DNA preparation and genotyping

Genomic DNA was extracted from EDTA peripheral blood leukocytes by the standard phenol-chloroform method (Poncz et al., 1982). The quality of DNA was checked through 0.8% agarose (Sigma, USA) gel electrophoresis, and quantification was done on a UV spectrophotometer (Specgene Ltd, UK). Synthetic oligonucleotides were acquired from Genetix, France. Primers (Forward 5'TGA AGG AGA AGG TGT CTG CGG GA3', Reverse 5'AGG ACG GTG CGG TGA GAG TG3') for exon 4 of the MTHFR gene were used as described by Frost et al. (1995). Amplification was done in an automated thermocycler (BioRad PTC100, USA). The mixture was initially denatured at 94 ºC for 4 min, followed by 30 cycles with 30 s at 94 ºC, 45 s at 62 ºC, 45 s at 72 ºC and a 12 min final extension at 72 ºC. PCR products were checked on 2% of agarose gels followed by staining with 1 !g/mL of ethidium bromide. . The amplified PCR products of 198 bp were digested with HinfI (NEB UK) restriction enzyme according to manufacturer's specifications. The restriction digestion products were separated on a 3% agarose gel and visualized by ethidium bromide staining (Figure 1).

Biochemical analyses

Fasting venous blood from patients and controls were collected in plain vials in order to analyze triglyceride (TG) levels. These levels were measured by lipoprotein lipaseperoxidase (Fossati and Prencipe, 1982), those of total cholesterol (TC) by cholesterol oxidase (Allain et al., 1974) and those of high density lipoprotein (HDL) by phosphotungstate magnesium chloride methodology (Lopes-Virella et al., 1977). Very low density lipoprotein (VLDL) and low density lipoprotein (LDL) levels were calculated indirectly by means of the Friedwald formula (Friedewald et al., 1972) as (VLDL-C = TG/5 provided TG = 400 mg/dL) and LDL-C = TC - (HDL-C + VLDL-C). Total plasma homocysteine levels were determined in 87 patients and 79 controls by enzyme linked immunoassay (Microplate EIA Homocysteine BioRad, USA).

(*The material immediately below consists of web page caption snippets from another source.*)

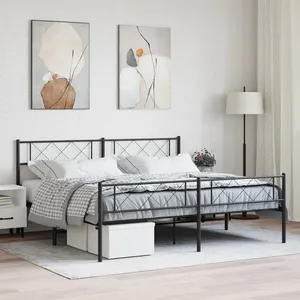vidaXL Cadre de lit métal avec tête de lit/pied de lit noir 193x203 cm pas cher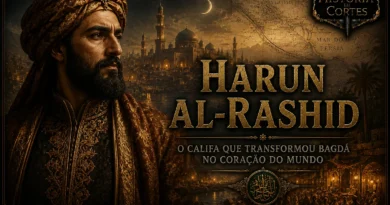 Harun al-Rashid, califa do Califado Abássida, diante de Bagdá durante a Idade de Ouro Islâmica.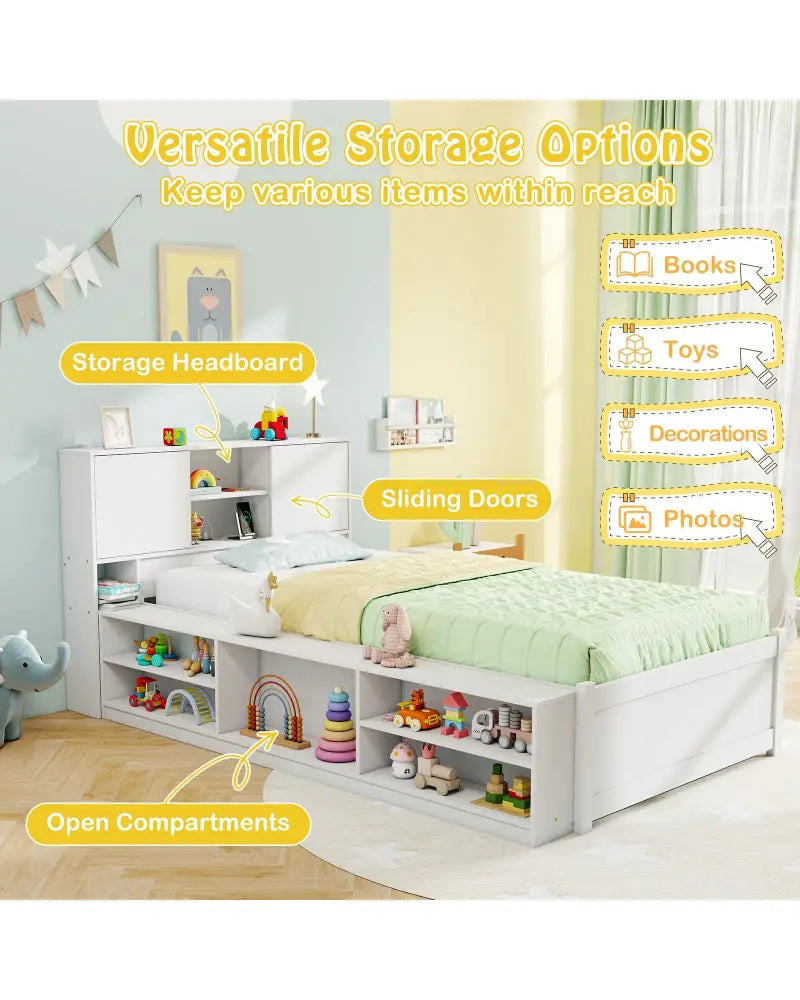 Twin Size Bed Frame with Trundle and Power Outlets-White - White - Trundle Bed Frame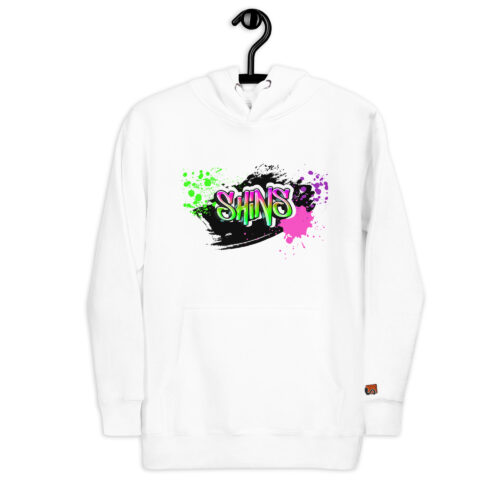 Front Hoodie mit Shins-Graffity & Logo auf linkem Ärmel in der Farbe weiss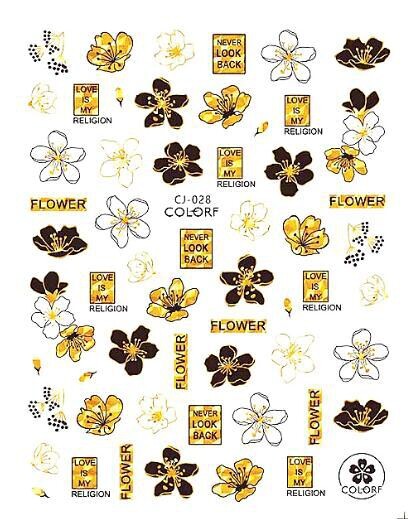 Flowers Nail Decals Sticker Rose Daisy “Love is my Religion’ Bee Honey Leaf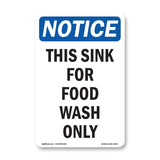 NOTICE This Sink For Food Wash Only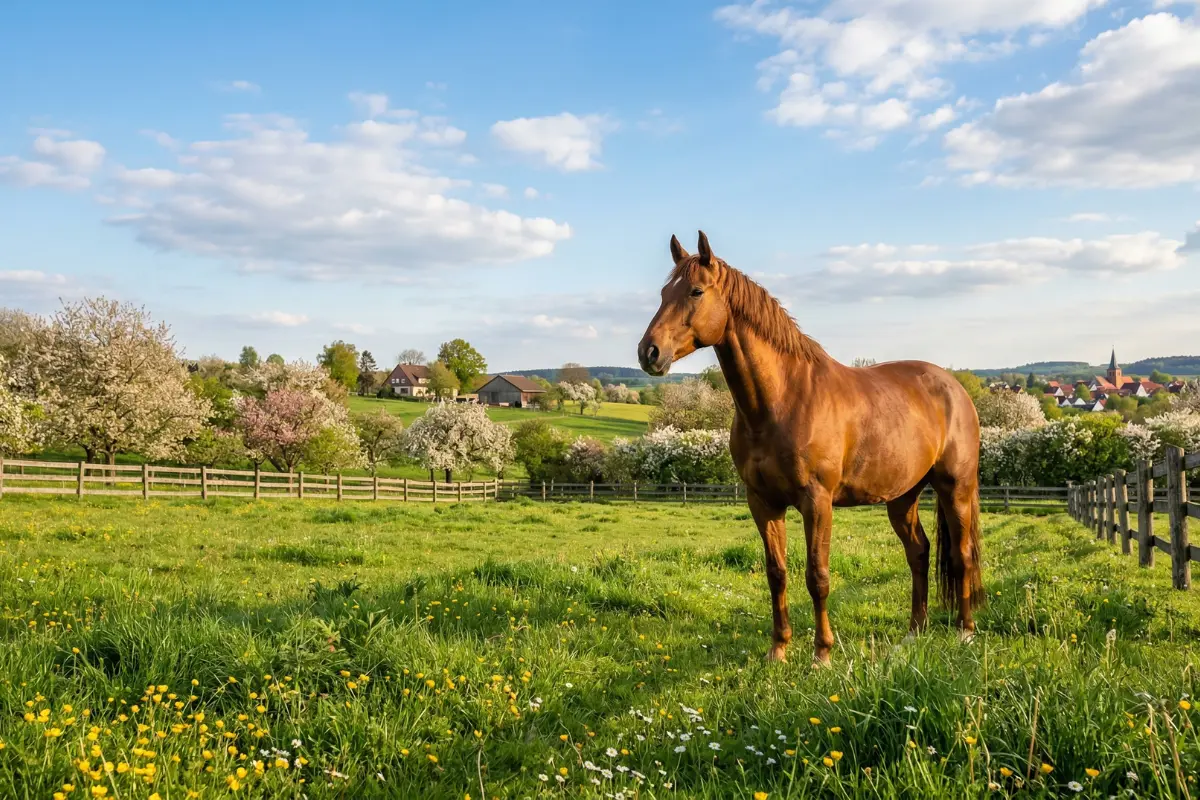 Ein Weitwinkelbild einer gesunden Warmblutstute, die auf einer saftigen, grünen Frühlingsweide im warmen, goldenen Nachmittagslicht steht. Der Himmel ist hellblau mit einigen lockeren Wolken. Im Hintergrund blühen Obstbäume und ein klassischer Holzzaun begrenzt die Koppel. Die Stute wirkt entspannt und aufgeweckt, ihr Fell glänzt im Sonnenlicht.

The assay method was based on enzymatic conversion of homocysteine to S-adenosyl homocysteine, followed by quantification of S-adenosyl-L-homocysteine by an enzyme-linked immunoassay (Frantzen et al., 1998).

Statistical analysis

Genotype and allele frequencies in CAD and control groups were compared by Chi square testing. The characteristics of patients and controls were evaluated by comparing biochemical findings using the Student t-test. Additionally, we performed multiple logistic regression model testing on the interaction of genotype and different classical CAD risk factors. All analyses were performed using SPSS v.11.5 (SPSS Inc., Chicago, USA) statistical analysis software. A two-tailed p value of p < 0.05 was considered statistically significant.

Results

The study group included 329 angiographically proven CAD patients [80 with myocardial infarction (MI), and the remaining 249 with no past reference], and 331 individuals as controls with no clinical history of CAD. The clinical and demographic data of patients and controls are presented in Table 1. Classical risk factors, viz., diabetes, hypertension, smoking and family history were significantly higher in the CAD group than in the control. The value of HDL-cholesterol was significantly lower in CAD patients than in controls, although serum triglyceride, total cholesterol, LDL-cholesterol, VLDL-cholesterol and homocysteine levels were found to be significantly higher in the former.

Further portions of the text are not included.